WORK TO BE COMPLETED: In the material below, begin at the line that has "Naomi & Co CLOTHING", stop after the line that has "Shock Anti Sumbat", and transcribe those lines exactly, without pictures.
[RECORD EXCERPTS]
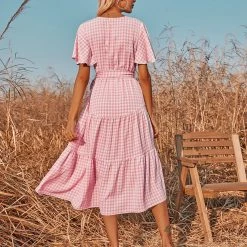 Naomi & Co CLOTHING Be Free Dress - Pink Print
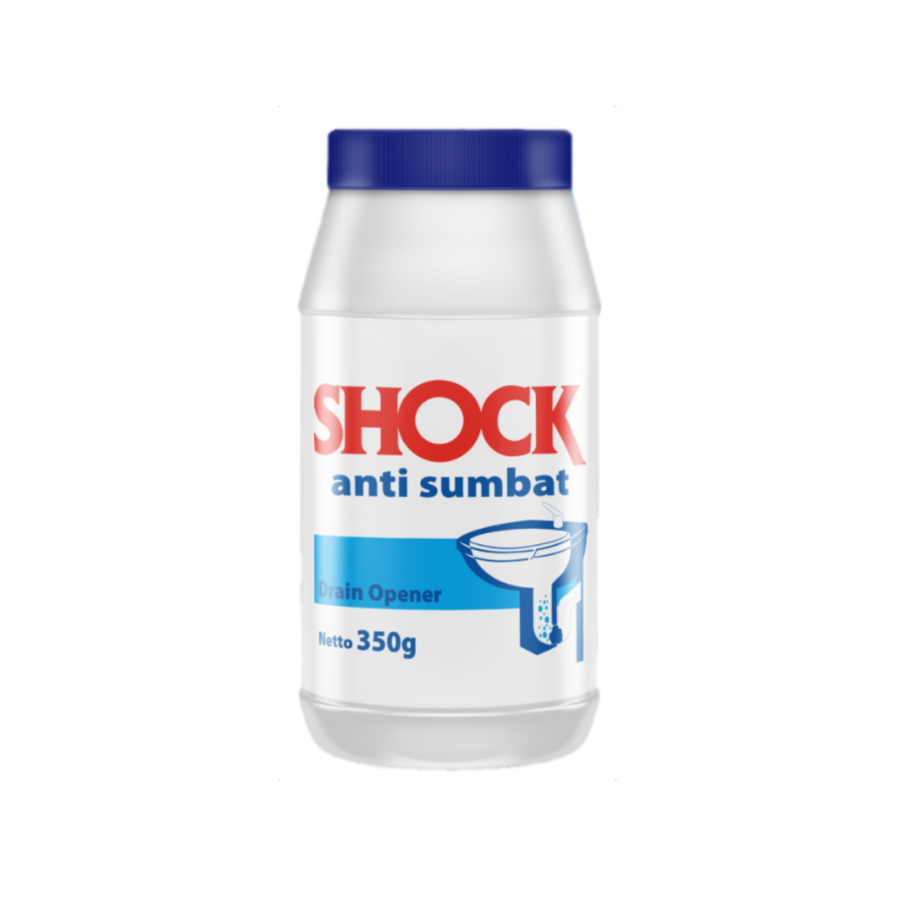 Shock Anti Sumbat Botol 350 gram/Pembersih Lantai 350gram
[/RECORD EXCERPTS]
[RECORD EXCERPTS]
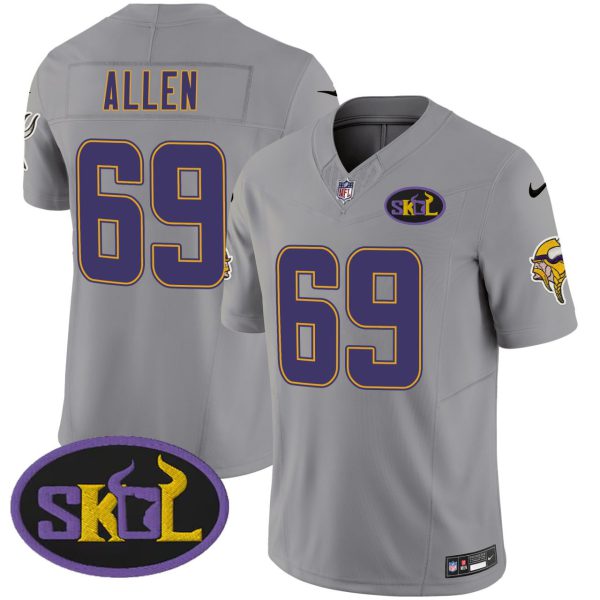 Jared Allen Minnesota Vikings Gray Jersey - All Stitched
[/RECORD EXCERPTS]
RESPONSE AREA:
 Naomi & Co CLOTHING Be Free Dress - Pink Print
 Shock Anti Sumbat Botol 350 gram/Pembersih Lantai 350gram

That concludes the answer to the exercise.